Wendell & Wild


After the trauma of losing both her parents when she distracted her dad while he was driving, the now 13 year-old Kat Elliot (Lyric Ross) is getting a second chance after a troubled adolescence back in her home town at the Rust Bank Catholic School for Girls.  But the school’s principal, Father Level Bests (James Hong), may trade his soul to Irmgard (Maxine Peake) and Lane Klaxon (David Harewood) to keep it running in exchange for Klaxon Korp’s final takeover of the rundown town while the school’s wheelchair-bound school janitor Manberg (Igal Naor), who oddly resembles Marlon Brando, collects demons in the basement with the help of a magical teddy bear.  It’s Bearz-a-bub who informs two demons that the new student is a prime Hellmaiden candidate and once Kat has been so marked, she’ll be the ticket to escaping the underworld for “Wendell & Wild.”


Laura's Review: B

If that opening description sounds a little overstuffed be forewarned that it merely scratches the surface.  It is thrilling to greet the return of cowriter (with Jordan Peele)/director Henry Selick ("The Nightmare Before Christmas"), whose last stop motion animation project was deep sixed by John Lasseter at Pixar, and the artistry on display is everything one would expect but the story is so over-populated with characters and subplots it fails to reach his usual heights.  Still, his black heroine with green hair, knee high combat boots and dad’s Afro-Punk mixtape blaring from his vintage boombox with a bloodshot eyeball for a speaker is a startlingly original creation who keeps us invested in her loony journey.

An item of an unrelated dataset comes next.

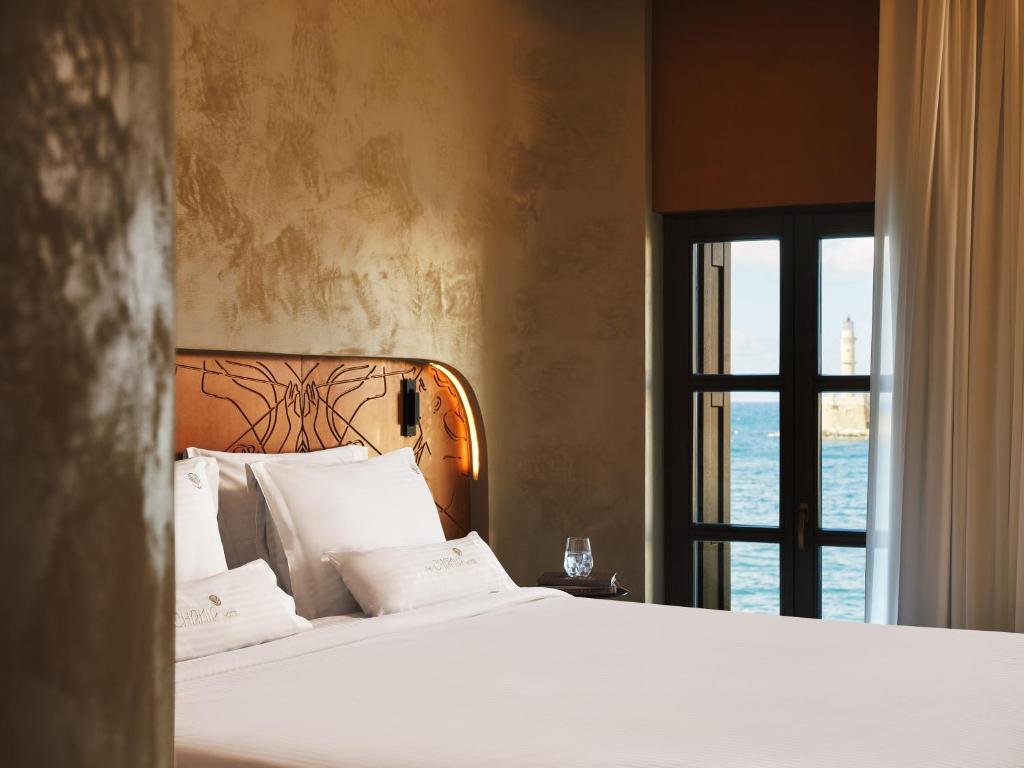 a bedroom with a white bed with a window at Porto Antico in Chania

While Kat susses out her new school, suspicious of ‘welcoming committee’ Siobhan (Tamara Smart), Sweetie (Ramona Young) and Sloane (Seema Virdi) while gravitating towards shy trans student Raúl (Sam Zelaya), Selick introduces us to his titular characters (voiced by comedy due Key and Peele) toiling away for Lord of the Underworld and Ruler of the Scream Faire Buffalo Belzer (Ving Rhames).  They’re tasked with driving a cart across Belzer’s giant head applying hair cream to his hair plugs.  Wendell is annoyed by Wild’s habit of eating the cream for the ‘tickle in his tummy,’ but they make a startling discovery when their pet tick is squashed and the cream revives him.  Being able to revive the dead gives them the perfect ploy to get their Hellmaiden to help them escape the Underworld and bring their Dream Faire, the counterpart to their boss’s hellish amusement ‘park,’ to fruition.

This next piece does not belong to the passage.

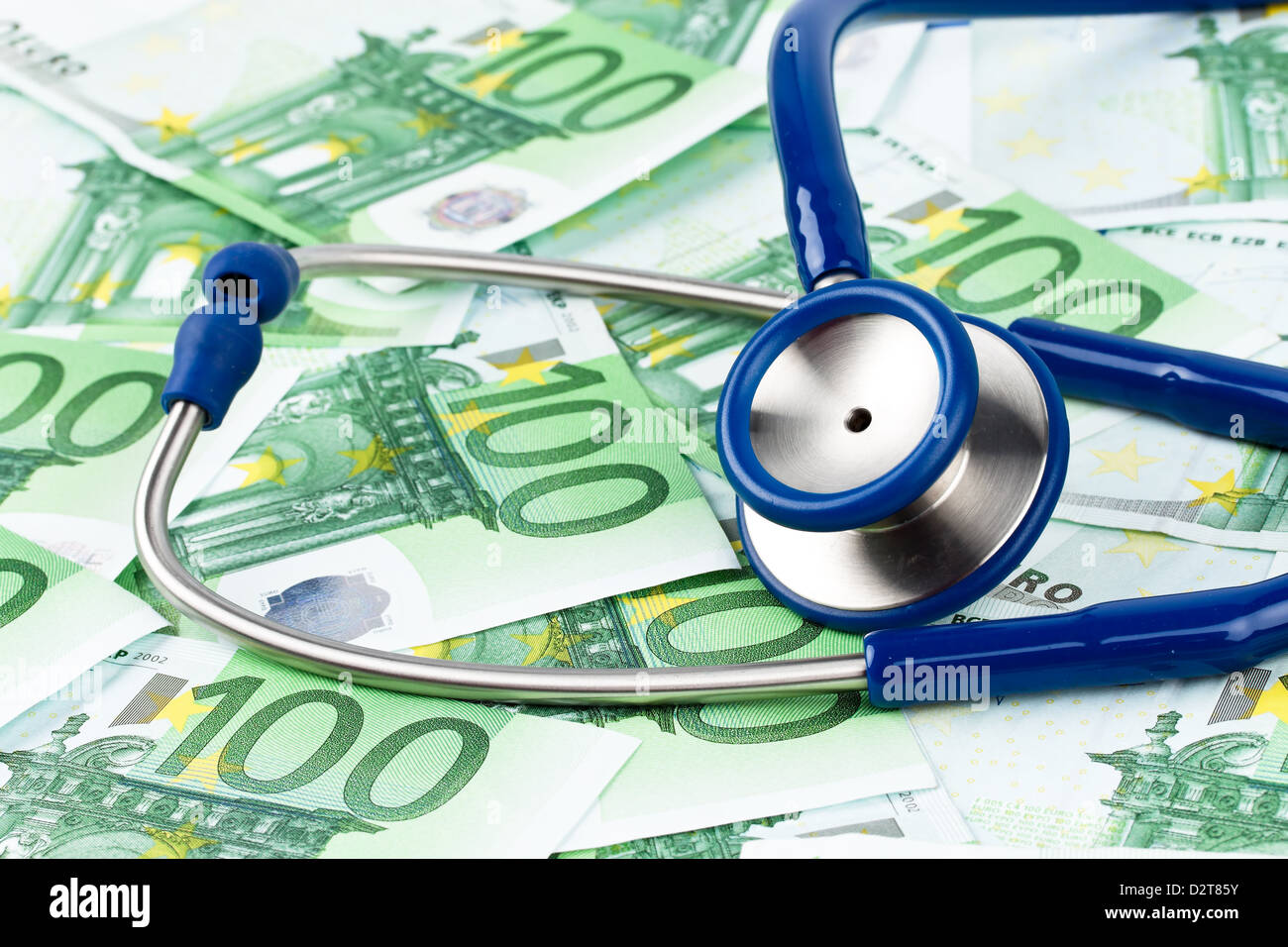Many Euro bank notes with a stethoscope. Health costs. Stock Photo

Along with Kat’s soon-to-be-brought-back-from-the-dead parents Wilma (Gabrielle Dennis) and Delroy Elliot (Gary Gatewood), Kat also has an ally in Sister Helley (Angela Bassett), the cool teacher who brings things like a mimic octopus into class and is secretly a Hellmaiden herself while Raúl’s mom Marianna Cocolotl (Natalie Martinez) tries to keep the city council from approving the Klaxon plan for a private prison. 

Yeah, the plot gets crazy (and I didn’t even mention the yoga goat) but sit back and enjoy the glorious, hand-crafted visuals that delight with such details as a carriage wheel breaking the ice on a puddle or the ancient radiator that dances in Kat’s room.  You can see “A Nightmare Before Christmas’s” design aesthetic screaming through in purpler hues.  The film also features an outstanding soundtrack featuring the likes of Polystyrene’s X-ray Spex, TV on the Radio and Living Colour.  Be sure to stick around through the end credits, which feature scenes of the artists painstakingly filming their models and Kat venturing into the real world.



Netflix releases "Wendell & Wild" in select theaters on 10/21/22 before it begins streaming on 10/28/22.